The
Revolutionary Blues Band
LP Coral (US,
1970)
It’s summer
time, very hot here in Morocco, so I’ll go for the least effort solution. Posting albums that I own in my collection
but re-using rips collected from the net over the years. Too hot for new rips, and anyway I’m 3000 km
from my vinyl collection. So I’ll cheat.
This one was
another discount bin perennial. I must
confess that my friends and I were somewhat disappointed when we first heard it
(in the early seventies). My friend Dédé
had bought it (Place du Jeu de Balle, probably) because of Tom Scott playing on it.
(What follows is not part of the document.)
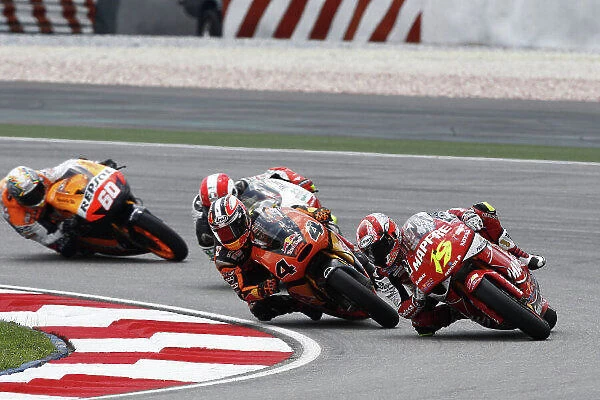 MotoGP. 2008 / 10 / 19 - mgp - Round17 - Sepang -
We
all had bought a copy of Rural StillLife (on Impulse) and we were hoping for something similar. It wasn't. By the way, Rural Still Life remains my all time favourite Tom Scott album.
Then the band had
“blues band” in its moniker and in terms of blues we were into Butterfield Blues
Band, Dirty Blues Band ... and here was the name of Rod Piazza, of Dirty Blues
Band / Bacon Fat fame. Second
disappointment, the band did not sound at all like any of those blues
bands.
I never understood at what type of audience such an album was aimed. Not the blues fan, not the rock fan, not the straight jazz fan ... The album was produced by Bob Thiele and is very much in the line of some instrumental MOR albums on Flying Dutchman. It’s gently soul jazzy / funky. It's not smooth jazz yet but, with hindsight, one could see the direction Scott was heading to.
David Bennett Cohen (of Country Joe & the Fish fame, remember "Section 43"?) was on piano (and perhaps guitar also).
| David Cohen (source: his website) |
Soul Blues stalwart Arthur Adams (Crusaders, Jimmy Smith ...) plays the funky guitar.
No idea about the bass and drums.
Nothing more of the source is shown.